1939: appennino emiliano. Il maresciallo Santovito, deve indagare sulla morte di un misterioso personaggio, il francese, cui qualcuno ha spaccato il cranio. Seguirà un'altra morte, anche questa volta di un estraneo del paese, anche lui morto mentre saliva su un sentiero scosceso. Entrambi hanno in comune la provenienza dalla Francia e il fatto di non essere originari del posto. Ma per il resto il maresciallo brancola nel buio. Intuisce però un legame tra queste morti e altre due, quella del vecchio maresciallo, ucciso da una fucilata alle spalle e quella del parroco don Quinto, trovato affogato in un fosso.

Emerge, dalla difficile indagine, tra i tavoli della taverna e i boschi innevati attorno al borgo, un legame tra le morti di oggi e un vecchio fatto di sangue. Come se un antica violenza avesse partorito questi delitti.
Un giallo stupendo, raccontato in una cornice un piccolo paese di montagna, dove la gente è costretta ad emigrare se vuole sopravvivere, a fare duri lavori stagionali, rassegnata ad un'esistenza dura, piena di sacrifici.
Un romanzo da leggere anche per la testimonianza di un passato nel quale eravano noi italiani gli emigranti, i disprezzati, gli ultimi. Costretti ai lavori più umili e pesanti.
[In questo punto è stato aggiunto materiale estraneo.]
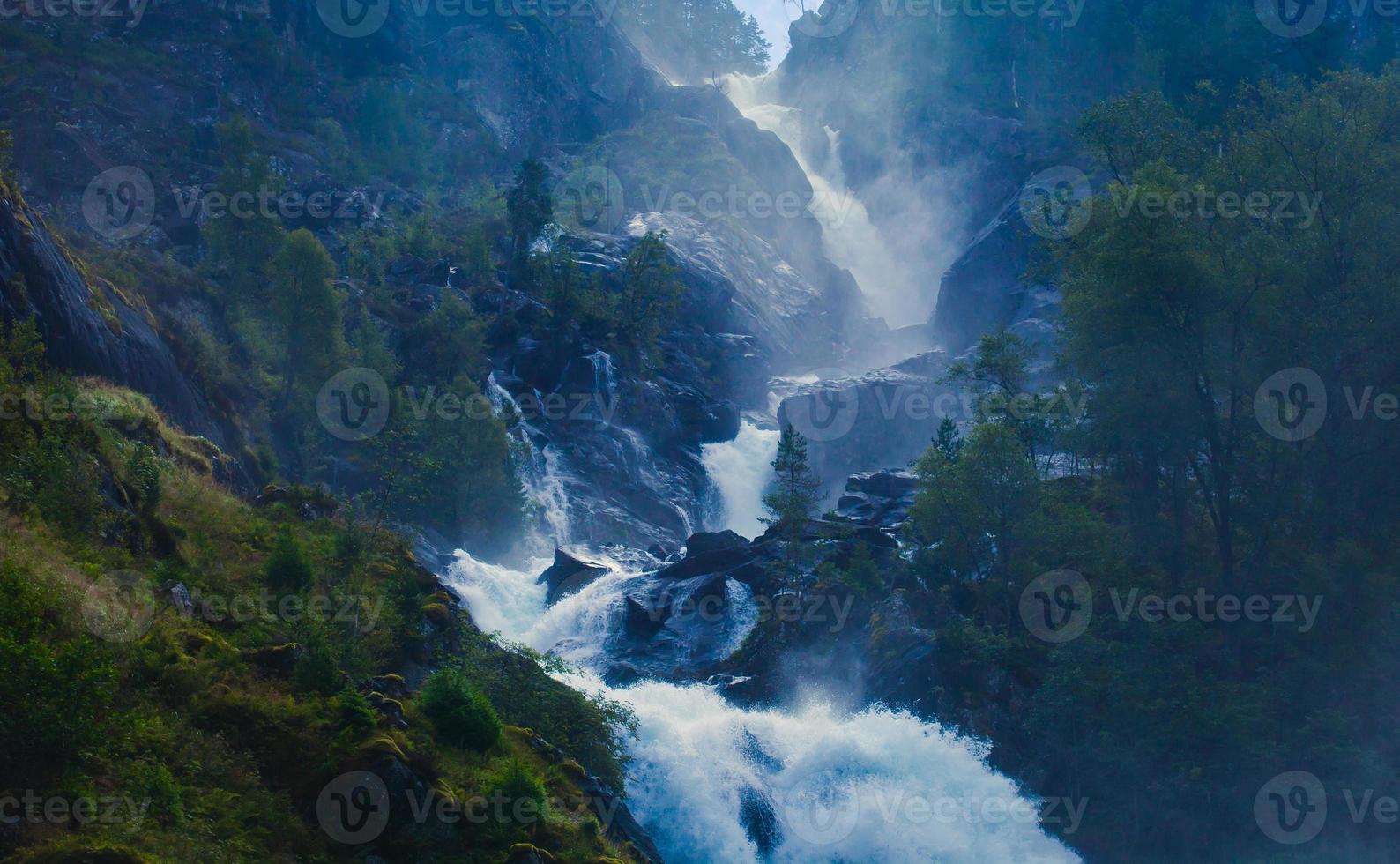 vacker livlig panoramabild med utsikt över vattenfallet i Island foto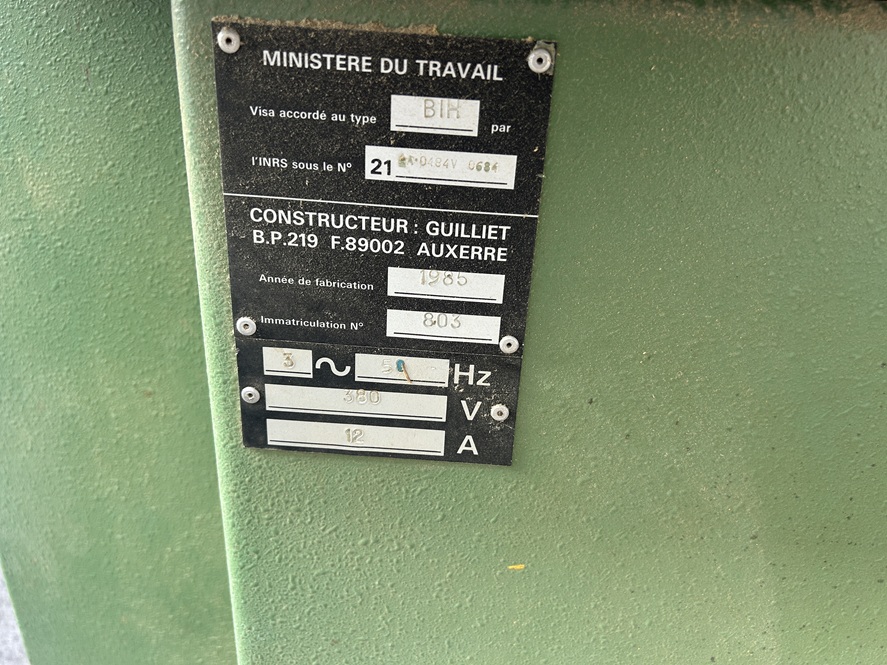 Used Scie circulaire inclinable Guilliet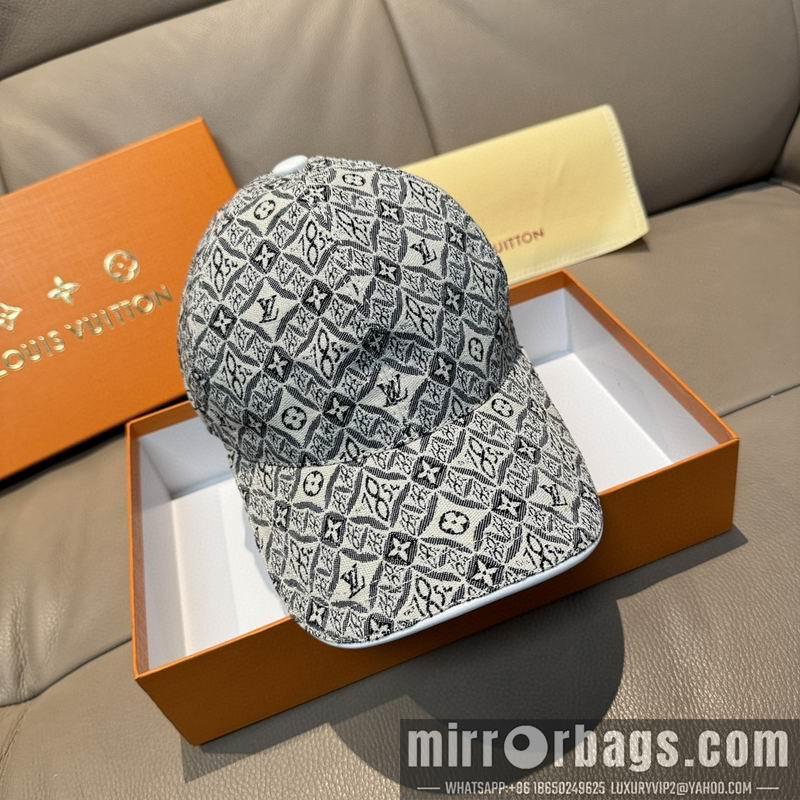 LV Hat dx121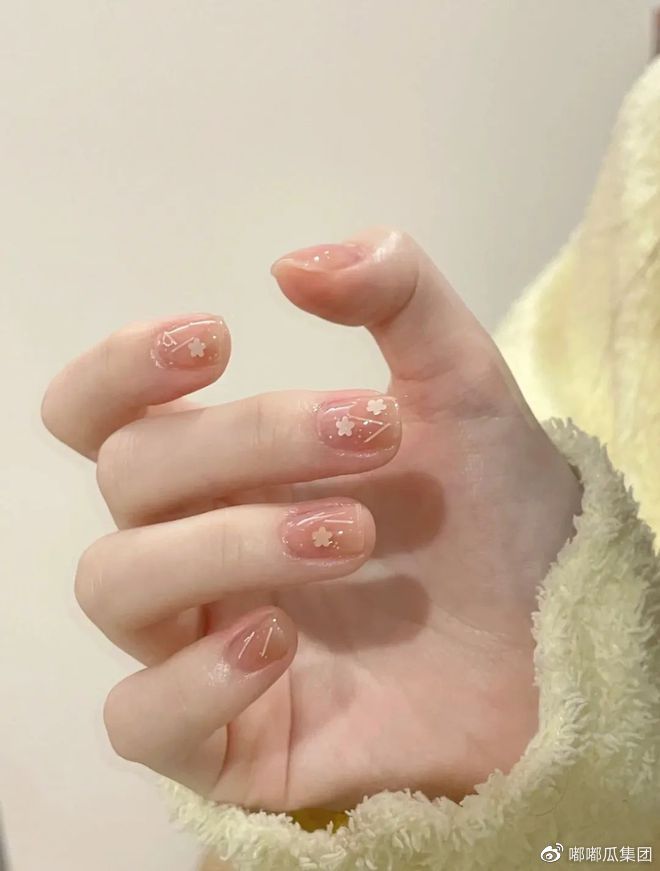 嘟嘟瓜美甲分享：巨好看的春日美甲！照着做美到爆！（美甲款式春天）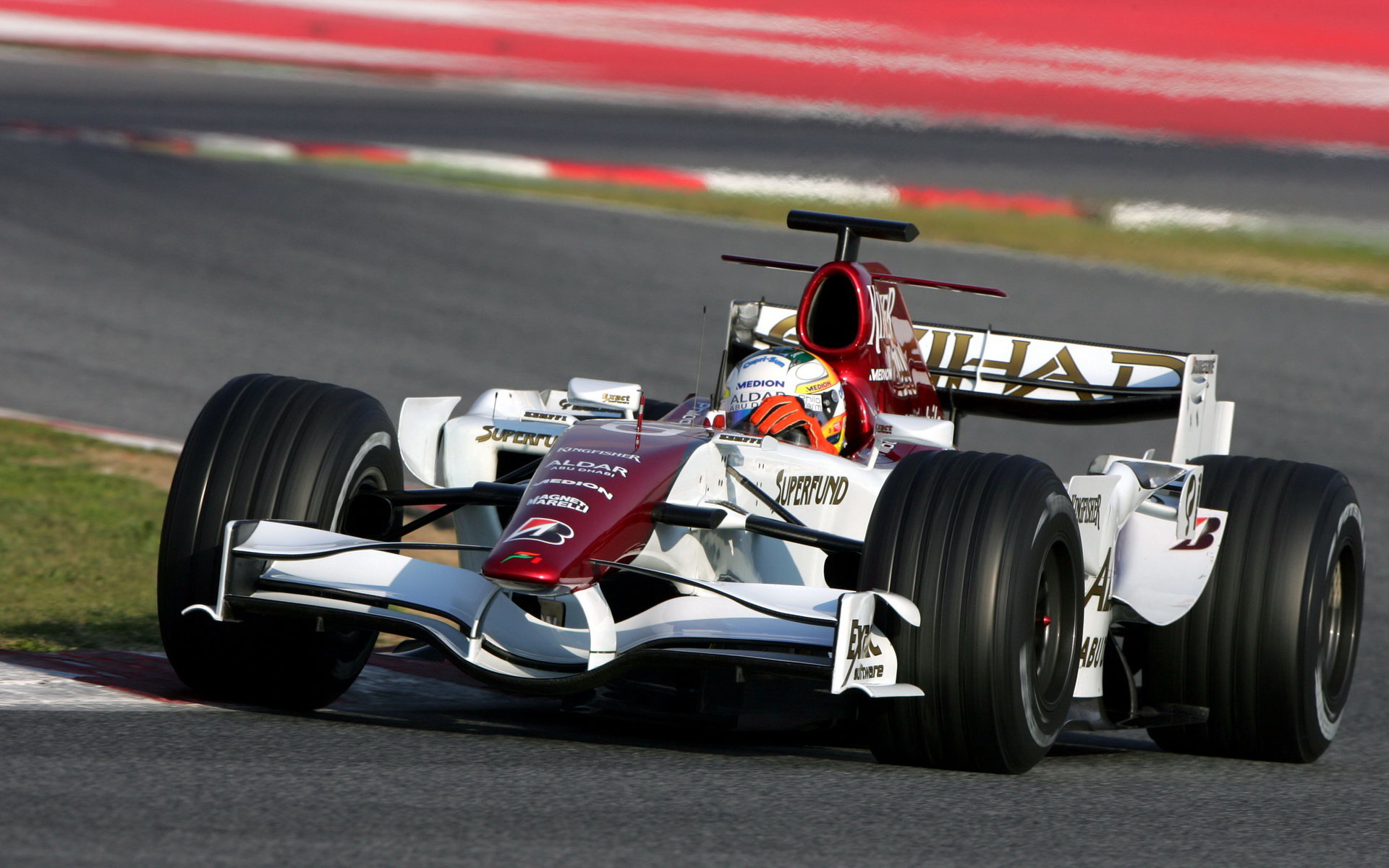 Adrian Sutil s Force Indií při testu v Barceloně 2007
Per non dimenticarci quando “gli albanesi eravamo noi”. E ci chiamavano “macaronì”. Il giallo diventa anche uno straordinario affresco storico-sociale “in cui pesa sui destini individuali un destino collettivo carico di ingiustizia e di sofferenza, quello degli italiani”.
Un paese dove la gente passa le serata in taverna, davanti ad una bottiglia di vino rosso, che alza la pressione, a raccontarsi storie, che si tramandano di generazione in generazione (come la leggenda della buca del diavolo), tra una partita di carte e l'altra. L'indagatore, il maresciallo Santovito, che arriva da un paesino sul mare vicino Napoli, per svelare l'enigma e per venire a capo delle quattro morti dovrà fare domande scomode ai paesani. Gente abituata ad andare poco d'accordo col prete e con i carabinieri “gente che ha paura della legge, quella che dovrebbe essere uguale per tutti e che da queste parti non lo è mai stata. Una paura che viene dai padri, dai nonni e chissà da quante generazioni”.

Nella prima parte si ha un'alternanza di flashback (la triste storia di Ciareìn) e narrazione del presente: fino al ricongiungimento delle due storie, al punto d'incontro.
E, in questo contesto, dove il passato e le sue morti si ricongiungono al presente, il maresciallo arriverà ad una triste e dura verità.